Strategy to support two dialects for same programming language in my plugin

Answered

Created June 14, 2021 14:31

Hi dear IntelliJ IDEA specialists.

I’m developing a programming language support plugin for IntelliJ IDEA.

I want to add a support for programming languages A (already implemented) and A+ (want to add) where A+ is a superset of A.
(For detail here A = Posix AWK, A+ = Gawk.)

The most obvious approach I’m thinking of is just to extend the BNF grammar I already have for A (possibly lexer as well) to support A+. This should not break A since it’s a subset of A+.

However what I dislike is that when I only want to use A dialect for my program (for the most portability) - nothing will prevent me from accidental usage of some A+ features.

That is why I was thinking of adding a project-level config option to setup the desired language dialect. (I guess the same approach is used in IDEA itself for JavaScript support where you can set up the desired EcmaScript edition.) — I’m interested as well of how this is achieved.

Now having this config option added I don’t quite get how can I enforce the A-only restriction for the developer. Should it be via hints/annotations? I.e. I will correctly parse A+ but will have a set of additional checks in place that will mark the unsupported features as errors in editor?

Initially I was thinking to have 2 separate BNF’s to keep the two explicitly distinct. But I realized that this will enormously increase the work efforts and cause code duplication.

Then I thought that maybe it is possible to come up with “conditional” BNF grammar, that depending on a flag will use some additional clauses/variants in grammar. Obviously this can allow most code reuse. I have a guess that this might work using higher-order external rules << ... >>. Do you think this is viable approach? Is there any recommended approach at building “conditional” grammar/parser? Is this even possible?

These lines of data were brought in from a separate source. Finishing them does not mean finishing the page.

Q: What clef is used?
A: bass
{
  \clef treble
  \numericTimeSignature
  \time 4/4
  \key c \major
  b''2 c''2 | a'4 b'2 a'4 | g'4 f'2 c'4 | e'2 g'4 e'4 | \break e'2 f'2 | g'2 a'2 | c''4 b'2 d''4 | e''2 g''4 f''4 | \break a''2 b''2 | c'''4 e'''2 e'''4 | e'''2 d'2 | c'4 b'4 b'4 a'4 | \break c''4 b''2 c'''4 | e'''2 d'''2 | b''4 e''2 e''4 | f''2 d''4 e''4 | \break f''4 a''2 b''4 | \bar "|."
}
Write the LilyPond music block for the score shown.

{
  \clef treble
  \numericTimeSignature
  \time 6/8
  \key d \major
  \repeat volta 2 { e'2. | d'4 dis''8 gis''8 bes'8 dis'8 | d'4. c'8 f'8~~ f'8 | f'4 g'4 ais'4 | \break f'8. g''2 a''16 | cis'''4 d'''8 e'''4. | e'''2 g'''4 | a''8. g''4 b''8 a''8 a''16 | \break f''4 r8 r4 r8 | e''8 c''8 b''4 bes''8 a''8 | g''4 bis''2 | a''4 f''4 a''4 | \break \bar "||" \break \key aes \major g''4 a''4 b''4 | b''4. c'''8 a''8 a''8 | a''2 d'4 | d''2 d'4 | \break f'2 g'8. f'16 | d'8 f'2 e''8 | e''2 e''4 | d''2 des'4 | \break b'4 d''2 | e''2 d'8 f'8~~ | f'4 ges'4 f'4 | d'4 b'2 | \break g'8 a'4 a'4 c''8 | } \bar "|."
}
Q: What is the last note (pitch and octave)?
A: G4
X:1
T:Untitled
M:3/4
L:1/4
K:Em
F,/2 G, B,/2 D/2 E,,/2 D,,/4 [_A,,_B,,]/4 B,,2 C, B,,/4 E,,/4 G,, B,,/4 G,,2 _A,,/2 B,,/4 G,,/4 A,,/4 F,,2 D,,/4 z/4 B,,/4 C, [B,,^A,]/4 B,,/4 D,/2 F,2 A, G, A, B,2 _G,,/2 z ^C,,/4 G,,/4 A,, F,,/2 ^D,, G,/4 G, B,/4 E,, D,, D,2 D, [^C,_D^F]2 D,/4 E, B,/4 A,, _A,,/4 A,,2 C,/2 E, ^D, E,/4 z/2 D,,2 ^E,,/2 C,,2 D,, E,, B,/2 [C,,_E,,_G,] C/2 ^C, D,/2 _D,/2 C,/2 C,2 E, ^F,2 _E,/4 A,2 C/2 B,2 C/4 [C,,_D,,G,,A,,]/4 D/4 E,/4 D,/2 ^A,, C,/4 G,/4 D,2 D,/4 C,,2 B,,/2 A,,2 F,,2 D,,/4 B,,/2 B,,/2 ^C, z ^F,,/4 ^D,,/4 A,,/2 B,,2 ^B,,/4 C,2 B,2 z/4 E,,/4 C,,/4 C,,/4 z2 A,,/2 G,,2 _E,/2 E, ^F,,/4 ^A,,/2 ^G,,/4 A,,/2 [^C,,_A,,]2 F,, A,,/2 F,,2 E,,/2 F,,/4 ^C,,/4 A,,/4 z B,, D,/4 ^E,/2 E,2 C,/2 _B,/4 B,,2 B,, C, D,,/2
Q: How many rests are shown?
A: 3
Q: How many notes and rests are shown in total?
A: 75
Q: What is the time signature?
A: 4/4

I admit though that this approach is somewhat limiting for developer, because it will strictly prevent parsing of A+ in A mode instead of, say, parse and highlight unsupported and ask to switch to A+.

I hope I described it clear enough. Would be glad to hear any recommendations and, even better, see some links to existing code solving similar problem.

3 comments

Reece Dunn

Created June 15, 2021 11:25

There are two strategies I've used for this in my plugin.

For different versions of the same language and language extensions, I have a project configuration to specify the supported version, then an inspection (which could also be done as an annotator) that checks PSI elements in the higher versions and language extensions if they are in a supported version, otherwise issue a warning on an element that the PSI element says to place the message on.

For the subset language (XPath subset of XQuery), I have a separate language infrastructure for XPath and XQuery, but inherit the XPath lexer and parser in the XQuery lexer and parser, overriding various methods that have different grammar.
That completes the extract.